You may extend this with whatever you like, especially anomalies in wording or formatting, however my experience and the reason why we are deleting the boiler plate is that the likelihood that proofers and formatters will read and adhere to the Project Comments is inversely proportional to their length.

Once the project has been consolidated, the PC changed and the GWL suggestions are processed, release the book to P3.


BEGIN has a P3 queue and an F2 queue. The F2 queue is for English BEGIN only. The other BEGINs appear to not have a backlog going into F2.

When the Project Reaches PP

The BEGIN project profile is set to put BEGIN in the PPer slot in the Project information when the project reaches PP.
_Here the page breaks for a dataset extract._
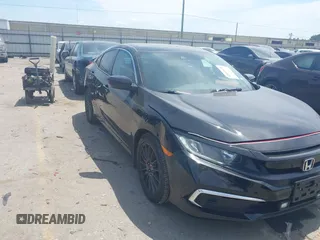 2020 Honda Civic LX with VIN 19XFC2F65LE003996, listed as a IAAI auction lot 42055870 with 66,119 mi miles and . Bid and sale history available at DreamBid. Image 1.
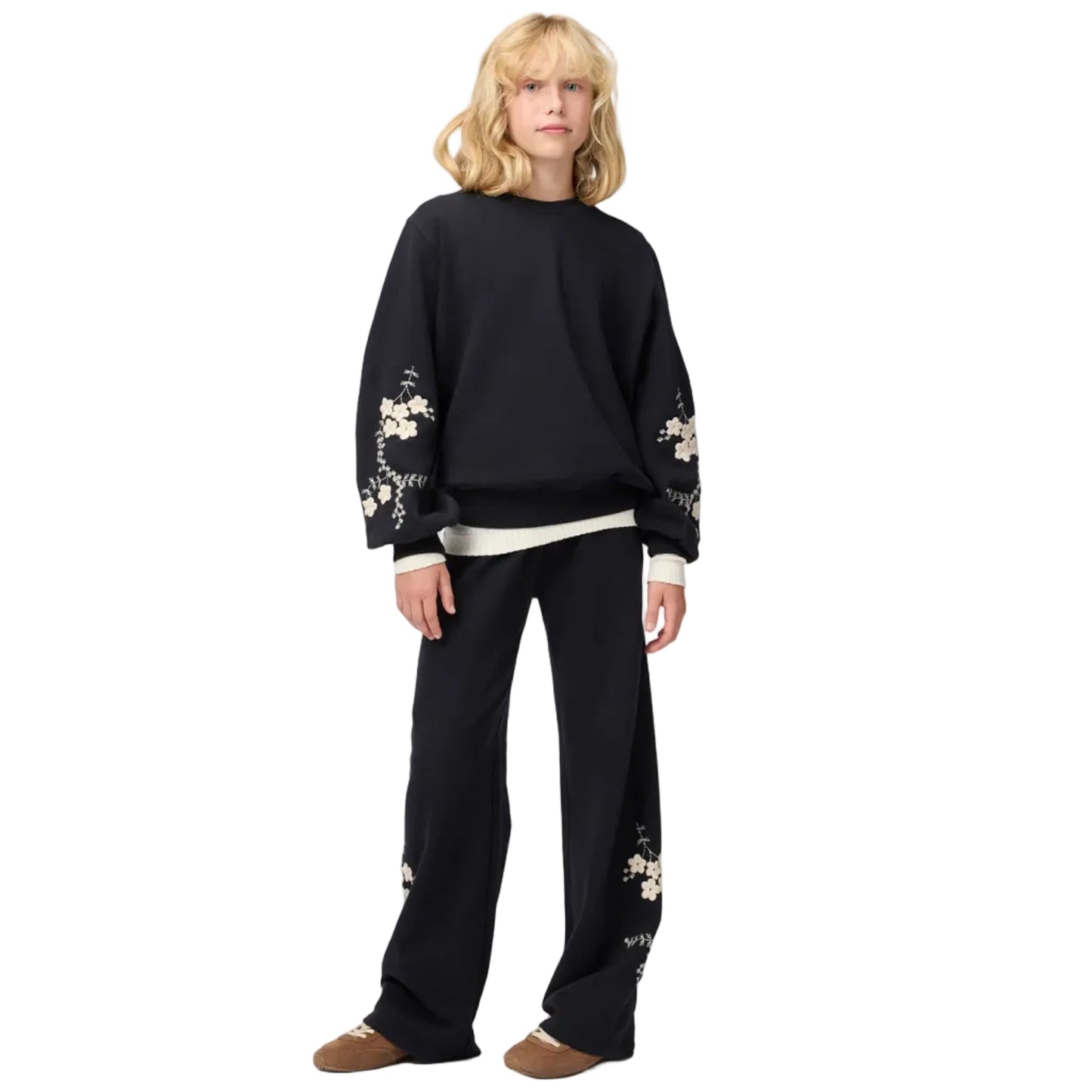 Person wearing a black sweater with floral embroidery on a white background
  • If the book seems appropriate for a beginning PPer, list it in this forum.
  • If the book is not already assigned to a PPer (other than BEGIN) and it was not taken from the beginning PPer forum, then release it to the PP pool, by removing BEGIN from the PPer slot in the Project information.
  • When you are ready to transfer the book to a beginning PPer or release the book to the general PP pool, remove the "*" from the beginning of the project name.